Copy out the listing that follows, exact in every word, and skip the images.

» Data section
§

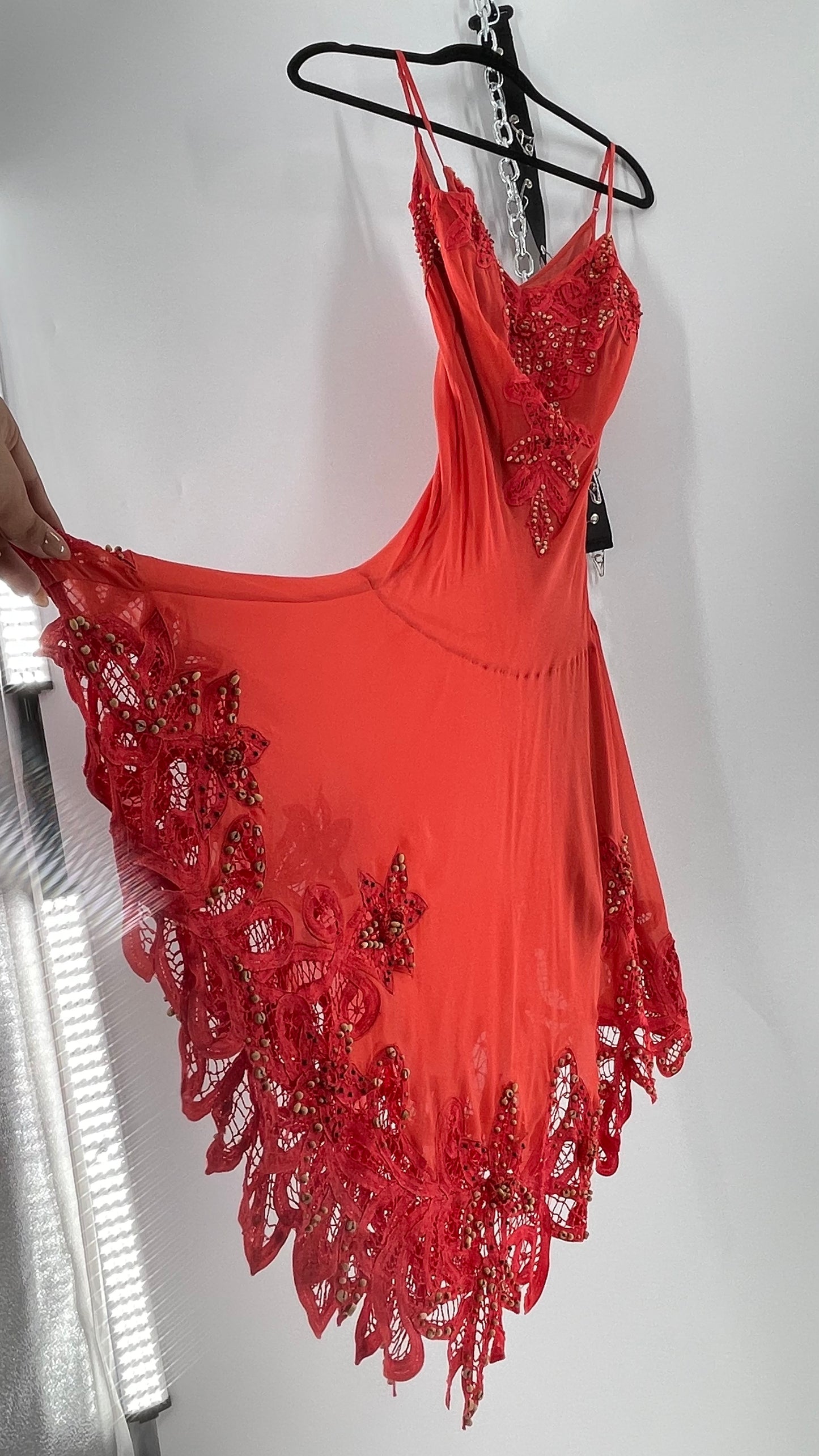 1990s Vintage Cache Coral Appliqué Tropical Beaded Slip (2)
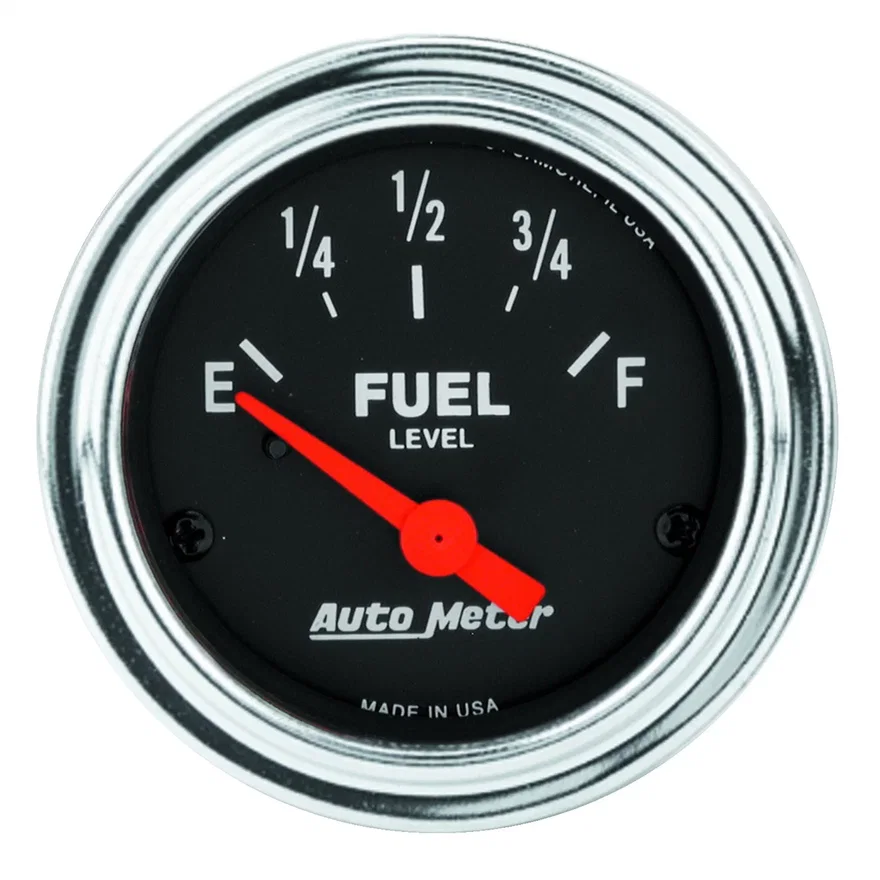 GAUGE; FUEL LEVEL; 2 1/16in.; 0OE TO 30OF; ELEC; TRADITIONAL CHROME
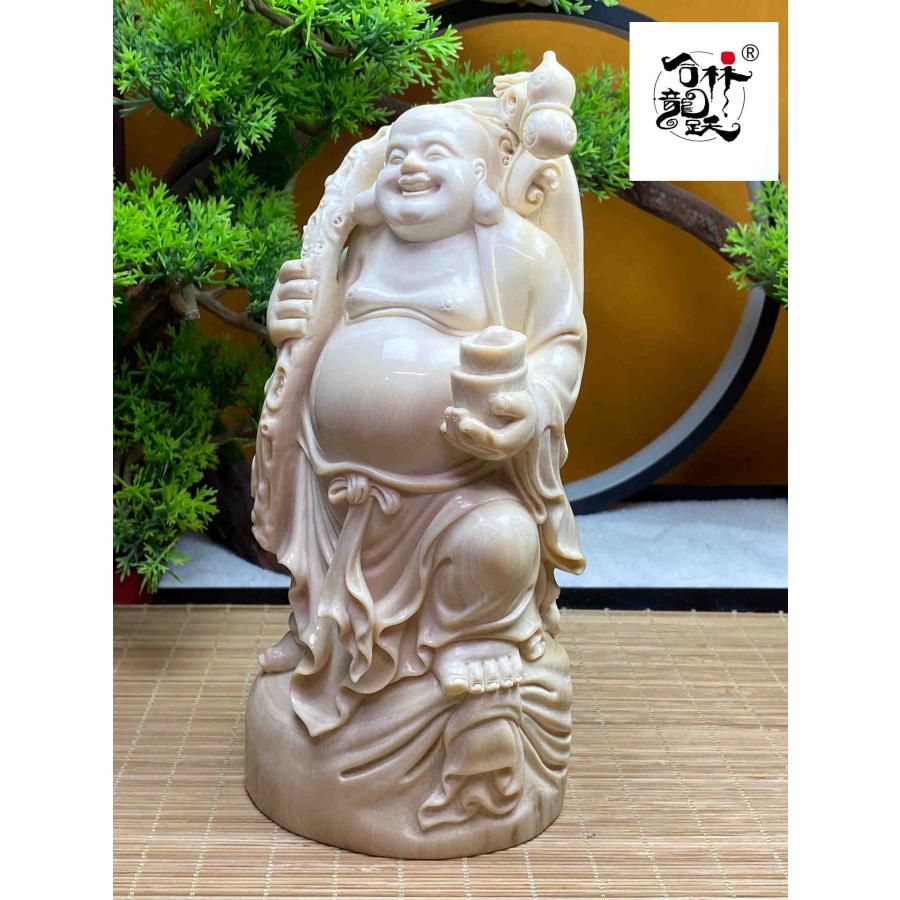 天然マンモス牙美しい手作り弥勒仏 置物 - 画像 (3)
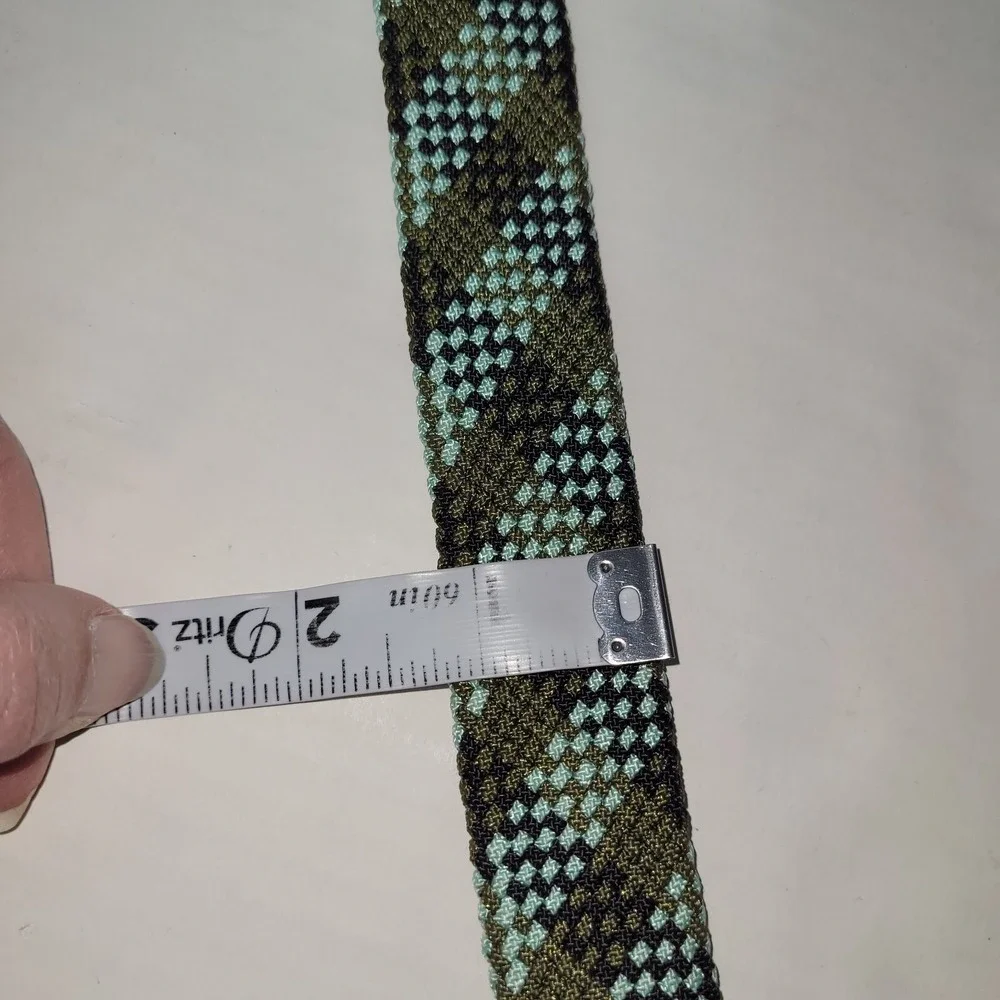 & Woven Stretch Belt Mens Medium Green Black Argyle Geometric‎ Braided Elastic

§

» Task solution
 1990s Vintage Cache Coral Appliqué Tropical Beaded Slip (2)
 GAUGE; FUEL LEVEL; 2 1/16in.; 0OE TO 30OF; ELEC; TRADITIONAL CHROME
 天然マンモス牙美しい手作り弥勒仏 置物 - 画像 (3)
 & Woven Stretch Belt Mens Medium Green Black Argyle Geometric‎ Braided Elastic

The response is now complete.